Friday, January 8, 2016

1st letter from the MTC!

Manahoana Fianakaviana!

    Sorry, I won't have too much time to email at all because of time constraints for my first P-day, but I'll get some of the highlights of especially the first day. Whew! I made it! Man, it was hard to say goodbye. I love you guys so much! I hated looking at your faces before I turned around and got started.  But, now it's all just good memories, and homesickness isn't a problem, just tough to not reminisce. Anyway, I had an ironic start to the MTC. When I got to my dorm, I did a little celebration with my host missionary, Elder Roota. I lifted up one of my hulking luggage bags and threw out my back, or pinched a nerve, I dunno! I had to arch my back forward for all of Wednesday and part of Thursday morning. Every movement was ridiculously painful, but I thought, "If I can get through this, that's actually a good start to the MTC, to overcome a trial early-on." It took me 'til about 2:30 AM to get to sleep the first night, a little tough to function the next day. 

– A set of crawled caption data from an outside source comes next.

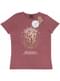 Zweinstein Gryffindor Logo T-Shirt voor Vrouwen - Harry Potter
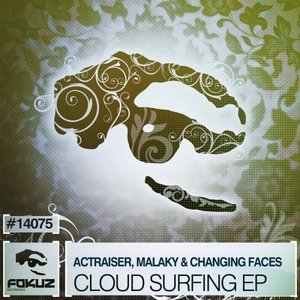 Image for 'Cloud Surfing EP'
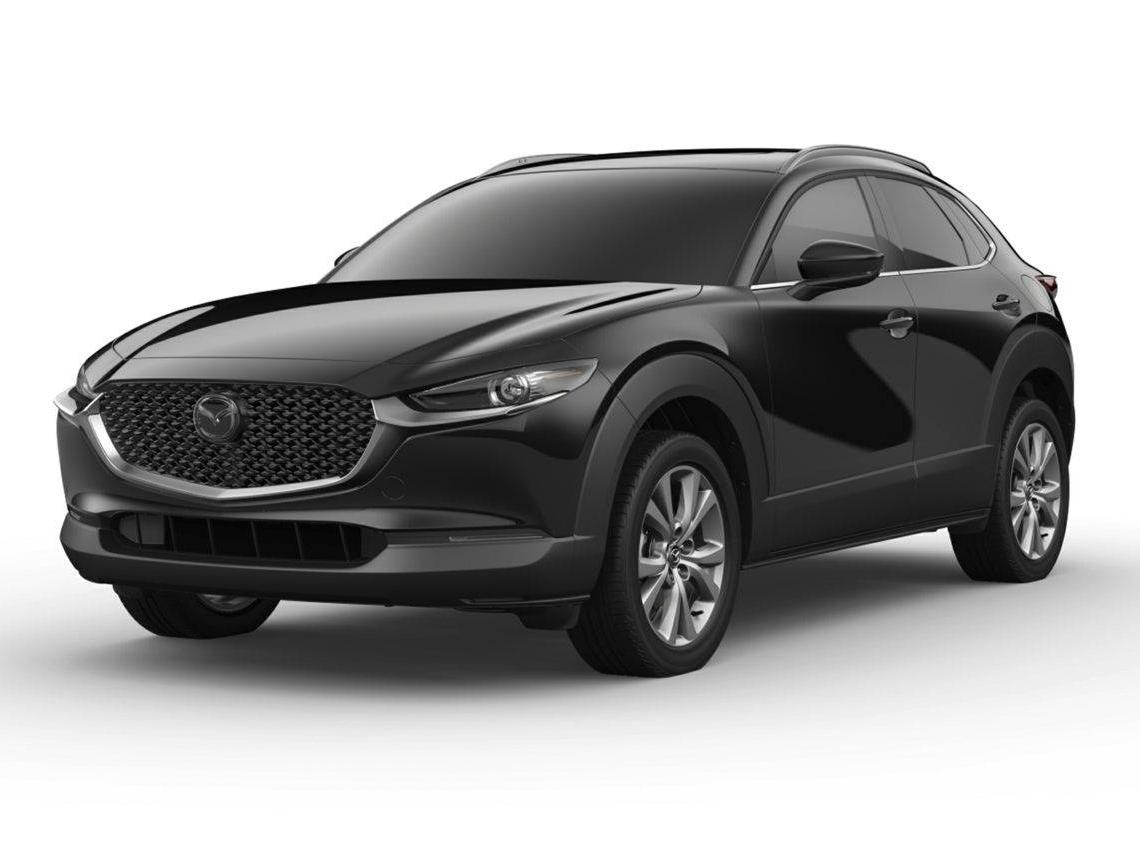 MAZDA CX-30 2022 3MVDMBDL6NM453502 image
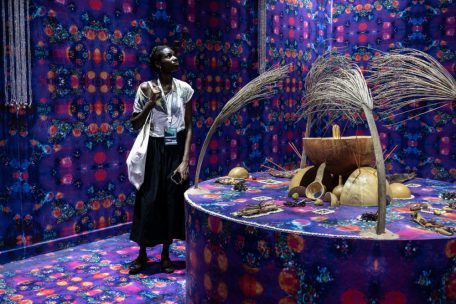 Subsahara-Afrika / Der schlafende Riese – Zwischen Aufbruch und neuen Abhängigkeiten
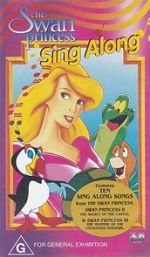 Watch The Swan Princess: Sing Along (Short 1998) 9Movies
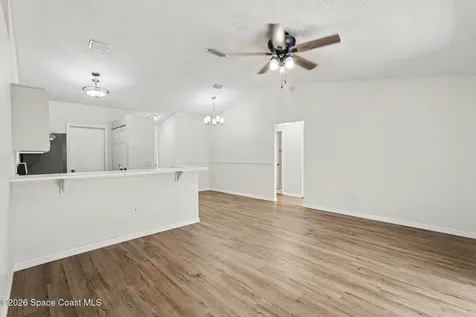 4319 Gamwell Drive Melbourne FL 32935
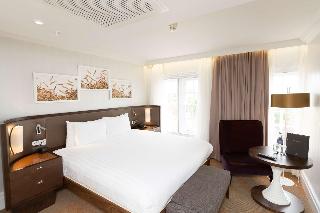 Hilton London Hyde Park fotoÄŸrafÄ±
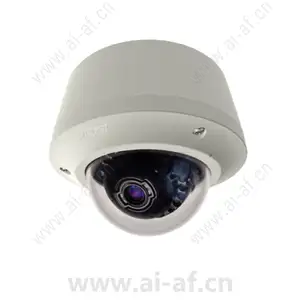 派尔高 Pelco IME319-1EP 3 MP 吊装式环保迷你半球网络摄像机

    However, I'm loving the MTC! It's what I pictured, a lot of walking, a lot of sitting and a lot of numb bums. Gosh! There's so much to say, but so little time! My companion is named Elder Schnoor, from Canada. I actually found him on Instagram before I came to the MTC! At first, I was a little worried, couldn't tell if he was just aloof or shy. But that wasn't the case, he was just nervous and a little apprehensive. Now, we love each other! He's pretty business and obedience oriented, but that's really good for me. When we first met, we had a little 30 minute Malagasy lesson with our teacher, Brother Christiansen. We're Bro C's first students at the MTC ever, but he seems like a master teacher, very understanding, yet pushes us. The language is coming along super well! I can pray, bear my testimony and say "Wazzup, how's the kids? How's the wife? Want a tummy rub?" 

     Next, we finally got to meet the other Elders in our branch back at our residence, the best part. We are part of the Islanders branch, so we're with the Elders going to Fiji and Tonga. There's quite a few older missionaries: gigantic Tongans, Australians with crazy vocabulary, straight up wackos and more. But I love 'em! It honestly is so much fun! I'm in the same room as the new zone leaders, and that has really helped to get connected to everybody. The zone leaders are Elder Simiskey=perfect missionary, Elder Ramon (Australian)=probably my best new friend besides Elder Schnoor. We joke around a ton.  I've done my best to be as jokey as possible while making sure it's still all obedient weirdness. The Tongans like me a lot for some reason probably because I told them about the "Ripping My Butt" story, heh. They kind of treat me like a mascot, but I enjoy it!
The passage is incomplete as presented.